Under the new arrangement, "travel insurance agent" is only allowed to sell travel insurance tied to a tour, travel package, trip or other travel services that the same "travel insurance agent" arranges for his or her clients. Any "travel insurance agent" who is in breach of the Code of Practice for the Administration of Insurance Agents will be subject to the disciplinary action taken by the IARB.


Monitoring of Insurance Intermediaries and Mandatory Provident Fund Intermediaries

The OCI as the insurance regulatory authority has regulatory oversight of insurance intermediaries and Mandatory Provident Fund ("MPF") intermediaries under its regime to ensure that they comply with the requirements of the Insurance Companies Ordinance ("ICO") and the Code of Conduct for MPF Intermediaries ("Code of Conduct"). To discharge this function, the OCI conducts on-site inspections to these intermediaries and ensures that complaints against intermediaries are handled properly.
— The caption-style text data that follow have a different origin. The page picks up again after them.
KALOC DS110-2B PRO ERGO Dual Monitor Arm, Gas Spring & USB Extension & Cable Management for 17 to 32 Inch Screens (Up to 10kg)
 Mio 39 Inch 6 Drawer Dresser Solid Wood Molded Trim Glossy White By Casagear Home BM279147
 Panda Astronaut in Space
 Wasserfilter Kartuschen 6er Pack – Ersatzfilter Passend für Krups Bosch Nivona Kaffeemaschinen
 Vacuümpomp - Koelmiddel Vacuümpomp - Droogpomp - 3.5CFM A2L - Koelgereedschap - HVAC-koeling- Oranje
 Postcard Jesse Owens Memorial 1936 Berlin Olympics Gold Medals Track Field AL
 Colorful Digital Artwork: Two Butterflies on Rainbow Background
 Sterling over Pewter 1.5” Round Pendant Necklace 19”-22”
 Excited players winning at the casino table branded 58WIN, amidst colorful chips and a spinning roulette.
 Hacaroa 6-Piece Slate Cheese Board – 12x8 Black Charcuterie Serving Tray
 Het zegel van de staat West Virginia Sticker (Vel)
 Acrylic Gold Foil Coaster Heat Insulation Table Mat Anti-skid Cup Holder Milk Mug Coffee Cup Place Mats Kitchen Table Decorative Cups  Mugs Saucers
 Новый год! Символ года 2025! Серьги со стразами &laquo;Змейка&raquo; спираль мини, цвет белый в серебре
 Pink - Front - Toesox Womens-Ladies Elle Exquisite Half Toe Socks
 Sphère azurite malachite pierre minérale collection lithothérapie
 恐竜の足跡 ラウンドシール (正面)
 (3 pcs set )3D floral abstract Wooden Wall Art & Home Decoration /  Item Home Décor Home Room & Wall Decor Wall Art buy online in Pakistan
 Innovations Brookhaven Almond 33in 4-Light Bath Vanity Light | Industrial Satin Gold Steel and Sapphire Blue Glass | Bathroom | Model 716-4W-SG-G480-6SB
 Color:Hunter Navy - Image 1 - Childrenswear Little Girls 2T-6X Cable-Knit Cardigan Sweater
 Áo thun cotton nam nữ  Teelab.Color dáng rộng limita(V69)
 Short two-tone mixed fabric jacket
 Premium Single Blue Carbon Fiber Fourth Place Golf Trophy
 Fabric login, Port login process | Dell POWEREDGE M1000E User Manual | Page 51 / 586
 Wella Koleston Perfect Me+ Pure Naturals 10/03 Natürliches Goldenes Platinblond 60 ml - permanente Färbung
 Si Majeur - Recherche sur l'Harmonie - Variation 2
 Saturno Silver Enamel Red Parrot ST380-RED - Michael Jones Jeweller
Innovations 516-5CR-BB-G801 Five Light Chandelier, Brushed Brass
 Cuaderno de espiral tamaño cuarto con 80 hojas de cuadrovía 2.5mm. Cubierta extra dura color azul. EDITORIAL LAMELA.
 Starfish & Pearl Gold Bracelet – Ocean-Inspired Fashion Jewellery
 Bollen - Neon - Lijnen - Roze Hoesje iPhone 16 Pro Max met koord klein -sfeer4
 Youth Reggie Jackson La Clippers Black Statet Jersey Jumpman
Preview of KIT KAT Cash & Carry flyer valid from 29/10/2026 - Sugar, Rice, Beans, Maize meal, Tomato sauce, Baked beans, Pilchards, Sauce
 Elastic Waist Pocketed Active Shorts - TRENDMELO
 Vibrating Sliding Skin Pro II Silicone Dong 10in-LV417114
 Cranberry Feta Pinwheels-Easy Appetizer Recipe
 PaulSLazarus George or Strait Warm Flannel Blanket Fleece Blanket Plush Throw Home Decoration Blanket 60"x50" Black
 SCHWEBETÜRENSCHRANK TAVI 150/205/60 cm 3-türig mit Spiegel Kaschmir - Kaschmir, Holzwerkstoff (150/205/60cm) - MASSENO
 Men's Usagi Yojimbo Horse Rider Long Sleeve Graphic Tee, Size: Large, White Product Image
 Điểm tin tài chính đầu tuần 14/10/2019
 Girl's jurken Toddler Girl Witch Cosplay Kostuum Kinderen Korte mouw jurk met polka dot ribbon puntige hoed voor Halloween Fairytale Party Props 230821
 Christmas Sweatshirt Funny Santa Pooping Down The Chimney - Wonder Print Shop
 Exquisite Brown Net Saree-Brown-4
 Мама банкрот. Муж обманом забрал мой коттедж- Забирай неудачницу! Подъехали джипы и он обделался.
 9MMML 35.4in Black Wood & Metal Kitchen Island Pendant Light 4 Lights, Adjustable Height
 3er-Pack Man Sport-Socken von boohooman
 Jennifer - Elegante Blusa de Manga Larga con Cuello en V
Since the inspection programme commenced in 2000, the OCI has visited all long term insurers and most insurance intermediaries selling MPF schemes. In general, no major irregularities or serious breaches of the Code of Conduct were noted. Nevertheless, some insurance brokers were found to have failed to comply with the Minimum Requirements specified under the ICO. The OCI has urged the two approved bodies of insurance brokers to step up enforcement of the compliance with the Minimum Requirements by their members.


Cross-sectoral Cooperation

The OCI works closely with local financial services regulators, i.e. the Securities and Futures Commission ("SFC"), the Hong Kong Monetary Authority ("HKMA"), and the Mandatory Provident Fund Schemes Authority ("MPFA") on cross-sectoral issues. Concerning the regulation of MPF intermediaries, the OCI, MPFA, HKMA and SFC entered into a cooperative agreement in 1999. Thereafter, the OCI concluded a Memorandum of Understanding ("MoU") separately with the HKMA in 2003, the MPFA in 2004 and the SFC in 2005. Such MoUs seek to strengthen the supervisory cooperation and exchange of information between the OCI and the three other financial services regulators. The OCI and other regulators also hold bilateral meetings at times to discuss issues of common supervisory concerns.